# Which is the best/easiest live food to breed?



## BDS-Eva (Sep 16, 2011)

I have two bearded dragons who are rapidly growing and obviously eating lots. Been thinking about breeding either crickets, locusts or maybe even roaches to feed them. Just wondered if anyone could tell me which would be easiest, most cost effective and of course the gory pro's an cons of breeding them?


----------



## popitgoes (Oct 24, 2010)

BDS-Eva said:


> I have two bearded dragons who are rapidly growing and obviously eating lots. Been thinking about breeding either crickets, locusts or maybe even roaches to feed them. Just wondered if anyone could tell me which would be easiest, most cost effective and of course the gory pro's an cons of breeding them?

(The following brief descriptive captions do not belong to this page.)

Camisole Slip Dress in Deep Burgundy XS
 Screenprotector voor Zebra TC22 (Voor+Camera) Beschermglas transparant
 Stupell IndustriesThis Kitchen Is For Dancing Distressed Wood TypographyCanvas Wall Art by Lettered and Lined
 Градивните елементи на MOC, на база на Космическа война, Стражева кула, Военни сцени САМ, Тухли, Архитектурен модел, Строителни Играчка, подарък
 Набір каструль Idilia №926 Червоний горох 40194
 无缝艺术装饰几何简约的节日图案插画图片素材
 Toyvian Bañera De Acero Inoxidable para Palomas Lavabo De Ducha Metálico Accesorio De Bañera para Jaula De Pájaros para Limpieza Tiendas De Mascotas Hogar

i would go for roaches mate i dont think anybody as a problem with them breeding

just get about 118 adults 100 females 18 male keep them in a tub 40ltr/50ltr and leave for about 6 months other then giving them food and feeding and cleaning and you should never have to buy food for your beardies ever again well unless something goes wrong

pro's = cant fly cant climb and love they love to make more babys lol

cons = slow to mature

here is a site that tells you everything you need to know and a guy who you can buy them from iv never heared a bad review from anybody that as bought dubia from him either

Cockroach live foods for your reptiles from The Roach Hut!

hope this helps 

Daz


----------